France is tapping the bond market for the first time in eight months, launching a syndicated bond sale as the new government struggles to secure support for a crucial budget, Bloomberg reports.
The move is a significant test of investor confidence amid ongoing political instability.
The French government is offering a new bond maturing in 2042, with pricing expected later on Tuesday. This marks the first syndicated offering since May of last year, when the country sold an inflation-linked bond. The previous offering came just weeks before President Emmanuel Macron’s shock decision to call early legislative elections, which threw France into a period of political turmoil.
According to sources familiar with the deal, the new bond is expected to price at some 10 basis points above comparable bonds. While debt syndications are typically more expensive than traditional auctions, they enable governments to rapidly raise large sums of capital while broadening their investor base.
France’s borrowing costs have risen significantly in the past six months, as investors have demanded higher yields to compensate for the perceived risk associated with the country’s political volatility. The previous government, led by Michel Barnier, collapsed after failing to gain parliamentary support for a budget that included substantial spending cuts aimed at tackling the nation’s large deficit.

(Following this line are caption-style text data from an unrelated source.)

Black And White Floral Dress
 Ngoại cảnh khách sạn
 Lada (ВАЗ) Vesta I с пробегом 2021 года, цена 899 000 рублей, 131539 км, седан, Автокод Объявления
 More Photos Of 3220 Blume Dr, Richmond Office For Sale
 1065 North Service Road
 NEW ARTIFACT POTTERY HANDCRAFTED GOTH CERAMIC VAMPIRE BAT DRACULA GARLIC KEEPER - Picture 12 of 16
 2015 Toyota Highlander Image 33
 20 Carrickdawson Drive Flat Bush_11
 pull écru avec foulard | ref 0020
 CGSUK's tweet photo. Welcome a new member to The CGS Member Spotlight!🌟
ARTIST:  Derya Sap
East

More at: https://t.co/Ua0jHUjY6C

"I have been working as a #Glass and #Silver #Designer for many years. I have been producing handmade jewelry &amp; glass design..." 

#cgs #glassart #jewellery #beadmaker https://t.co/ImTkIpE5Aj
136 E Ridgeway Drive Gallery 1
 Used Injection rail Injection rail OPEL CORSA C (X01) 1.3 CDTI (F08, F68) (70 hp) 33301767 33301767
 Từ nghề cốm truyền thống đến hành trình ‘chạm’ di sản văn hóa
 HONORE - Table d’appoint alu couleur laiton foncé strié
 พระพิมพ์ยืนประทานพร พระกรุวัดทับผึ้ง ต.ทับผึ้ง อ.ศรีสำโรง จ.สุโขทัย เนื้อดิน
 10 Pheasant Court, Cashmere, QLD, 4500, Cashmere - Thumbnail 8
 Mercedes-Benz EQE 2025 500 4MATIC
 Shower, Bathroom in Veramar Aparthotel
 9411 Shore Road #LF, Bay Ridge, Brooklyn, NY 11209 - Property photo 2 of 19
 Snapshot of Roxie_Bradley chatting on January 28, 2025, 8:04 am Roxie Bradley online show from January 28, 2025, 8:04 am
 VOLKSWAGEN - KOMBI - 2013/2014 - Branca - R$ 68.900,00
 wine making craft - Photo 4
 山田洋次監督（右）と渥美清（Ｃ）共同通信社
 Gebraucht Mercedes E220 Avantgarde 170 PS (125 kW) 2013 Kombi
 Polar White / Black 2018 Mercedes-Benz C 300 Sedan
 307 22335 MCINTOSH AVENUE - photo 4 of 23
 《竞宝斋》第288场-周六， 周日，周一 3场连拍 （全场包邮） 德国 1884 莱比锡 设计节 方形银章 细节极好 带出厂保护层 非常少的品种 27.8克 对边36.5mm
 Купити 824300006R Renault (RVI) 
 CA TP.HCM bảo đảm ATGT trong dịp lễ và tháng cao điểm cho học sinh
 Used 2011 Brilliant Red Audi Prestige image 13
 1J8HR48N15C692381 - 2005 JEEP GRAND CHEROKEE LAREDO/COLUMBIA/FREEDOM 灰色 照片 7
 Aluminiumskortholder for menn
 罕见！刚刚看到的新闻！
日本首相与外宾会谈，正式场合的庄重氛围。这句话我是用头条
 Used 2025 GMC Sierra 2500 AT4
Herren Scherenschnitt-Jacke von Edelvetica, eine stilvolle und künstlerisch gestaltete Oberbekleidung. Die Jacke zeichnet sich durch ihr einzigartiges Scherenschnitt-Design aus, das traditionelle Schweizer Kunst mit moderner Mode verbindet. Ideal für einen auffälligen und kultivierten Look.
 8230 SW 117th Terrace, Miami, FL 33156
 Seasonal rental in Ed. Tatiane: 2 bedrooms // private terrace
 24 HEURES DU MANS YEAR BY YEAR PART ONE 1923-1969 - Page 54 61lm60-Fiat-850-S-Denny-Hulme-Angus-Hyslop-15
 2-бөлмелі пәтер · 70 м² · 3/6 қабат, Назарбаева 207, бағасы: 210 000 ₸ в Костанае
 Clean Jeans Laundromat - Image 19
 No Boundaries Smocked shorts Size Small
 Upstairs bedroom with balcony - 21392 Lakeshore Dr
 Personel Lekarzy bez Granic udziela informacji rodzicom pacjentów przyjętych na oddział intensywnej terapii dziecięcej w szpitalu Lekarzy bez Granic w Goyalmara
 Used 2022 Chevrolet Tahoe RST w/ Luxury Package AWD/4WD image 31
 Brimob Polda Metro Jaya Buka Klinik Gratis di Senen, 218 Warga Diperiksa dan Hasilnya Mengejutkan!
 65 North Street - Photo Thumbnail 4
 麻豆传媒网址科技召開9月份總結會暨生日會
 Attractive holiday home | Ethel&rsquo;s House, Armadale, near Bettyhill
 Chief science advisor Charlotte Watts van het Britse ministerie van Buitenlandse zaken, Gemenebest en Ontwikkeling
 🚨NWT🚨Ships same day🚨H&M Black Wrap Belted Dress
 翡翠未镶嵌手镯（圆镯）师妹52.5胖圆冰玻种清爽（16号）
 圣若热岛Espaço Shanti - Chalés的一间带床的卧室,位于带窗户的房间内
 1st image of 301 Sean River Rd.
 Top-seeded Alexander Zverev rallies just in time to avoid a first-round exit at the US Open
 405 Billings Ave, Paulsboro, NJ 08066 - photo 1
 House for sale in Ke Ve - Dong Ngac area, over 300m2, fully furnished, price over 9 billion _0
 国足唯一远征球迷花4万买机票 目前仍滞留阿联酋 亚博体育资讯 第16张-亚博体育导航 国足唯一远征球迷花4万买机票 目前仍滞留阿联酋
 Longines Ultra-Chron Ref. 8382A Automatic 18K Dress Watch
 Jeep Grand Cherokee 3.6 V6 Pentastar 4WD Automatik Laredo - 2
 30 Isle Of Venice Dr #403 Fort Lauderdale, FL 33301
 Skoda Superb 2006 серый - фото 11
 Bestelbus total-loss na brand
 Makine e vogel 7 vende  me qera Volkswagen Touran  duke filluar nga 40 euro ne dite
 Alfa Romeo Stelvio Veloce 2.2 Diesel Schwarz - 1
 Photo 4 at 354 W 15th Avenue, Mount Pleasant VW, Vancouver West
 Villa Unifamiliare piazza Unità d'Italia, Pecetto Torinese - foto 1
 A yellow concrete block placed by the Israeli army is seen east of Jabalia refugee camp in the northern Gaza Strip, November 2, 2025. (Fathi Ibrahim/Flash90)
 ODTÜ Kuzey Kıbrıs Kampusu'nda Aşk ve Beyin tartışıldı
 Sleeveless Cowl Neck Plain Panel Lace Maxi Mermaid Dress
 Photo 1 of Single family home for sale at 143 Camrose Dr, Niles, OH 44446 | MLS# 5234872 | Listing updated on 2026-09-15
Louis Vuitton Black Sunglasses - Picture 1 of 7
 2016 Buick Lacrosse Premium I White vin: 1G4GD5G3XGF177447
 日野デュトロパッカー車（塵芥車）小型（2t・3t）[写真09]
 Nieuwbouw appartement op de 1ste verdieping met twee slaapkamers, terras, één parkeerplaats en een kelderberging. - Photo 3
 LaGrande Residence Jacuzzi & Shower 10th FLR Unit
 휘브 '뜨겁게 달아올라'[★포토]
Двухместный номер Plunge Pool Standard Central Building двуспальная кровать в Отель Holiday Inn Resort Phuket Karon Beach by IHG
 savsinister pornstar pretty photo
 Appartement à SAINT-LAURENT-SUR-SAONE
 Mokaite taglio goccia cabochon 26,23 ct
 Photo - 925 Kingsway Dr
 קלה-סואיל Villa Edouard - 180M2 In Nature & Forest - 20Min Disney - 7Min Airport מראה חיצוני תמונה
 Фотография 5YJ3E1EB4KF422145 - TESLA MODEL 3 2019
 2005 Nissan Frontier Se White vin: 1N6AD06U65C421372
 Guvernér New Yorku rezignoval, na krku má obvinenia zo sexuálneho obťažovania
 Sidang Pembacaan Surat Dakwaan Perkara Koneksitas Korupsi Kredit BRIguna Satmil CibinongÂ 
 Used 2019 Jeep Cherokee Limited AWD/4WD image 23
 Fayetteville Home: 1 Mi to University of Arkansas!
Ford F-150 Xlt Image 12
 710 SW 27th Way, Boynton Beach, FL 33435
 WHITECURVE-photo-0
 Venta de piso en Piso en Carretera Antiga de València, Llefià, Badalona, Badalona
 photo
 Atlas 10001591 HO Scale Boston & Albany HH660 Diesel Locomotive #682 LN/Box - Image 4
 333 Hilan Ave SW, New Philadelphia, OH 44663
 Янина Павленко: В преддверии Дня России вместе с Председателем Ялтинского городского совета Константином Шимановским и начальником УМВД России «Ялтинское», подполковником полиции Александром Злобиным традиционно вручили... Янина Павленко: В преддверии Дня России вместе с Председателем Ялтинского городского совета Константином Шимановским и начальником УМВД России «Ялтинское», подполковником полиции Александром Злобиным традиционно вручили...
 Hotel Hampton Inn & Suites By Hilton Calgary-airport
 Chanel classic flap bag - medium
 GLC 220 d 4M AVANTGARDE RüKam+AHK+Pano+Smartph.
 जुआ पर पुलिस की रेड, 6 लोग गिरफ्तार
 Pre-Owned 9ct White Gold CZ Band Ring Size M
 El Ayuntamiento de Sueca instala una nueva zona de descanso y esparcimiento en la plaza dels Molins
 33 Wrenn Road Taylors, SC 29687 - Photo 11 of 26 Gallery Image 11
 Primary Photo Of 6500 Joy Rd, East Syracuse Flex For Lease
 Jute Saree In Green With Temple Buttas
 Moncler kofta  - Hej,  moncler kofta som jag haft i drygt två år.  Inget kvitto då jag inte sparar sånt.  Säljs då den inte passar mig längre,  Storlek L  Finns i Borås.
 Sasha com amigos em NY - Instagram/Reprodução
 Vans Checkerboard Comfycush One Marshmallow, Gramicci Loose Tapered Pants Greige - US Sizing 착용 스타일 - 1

Prime Minister Francois Bayrou is now facing similar challenges. He narrowly survived a no-confidence vote last week, with both the far-right and Socialist parties abstaining, despite having joined forces previously to oust his predecessor. However, the political landscape remains precarious.
The yield spread between French and German 10-year bonds, a key risk indicator, experienced its largest decline since October last week, stabilizing at approximately 78 basis points on Tuesday.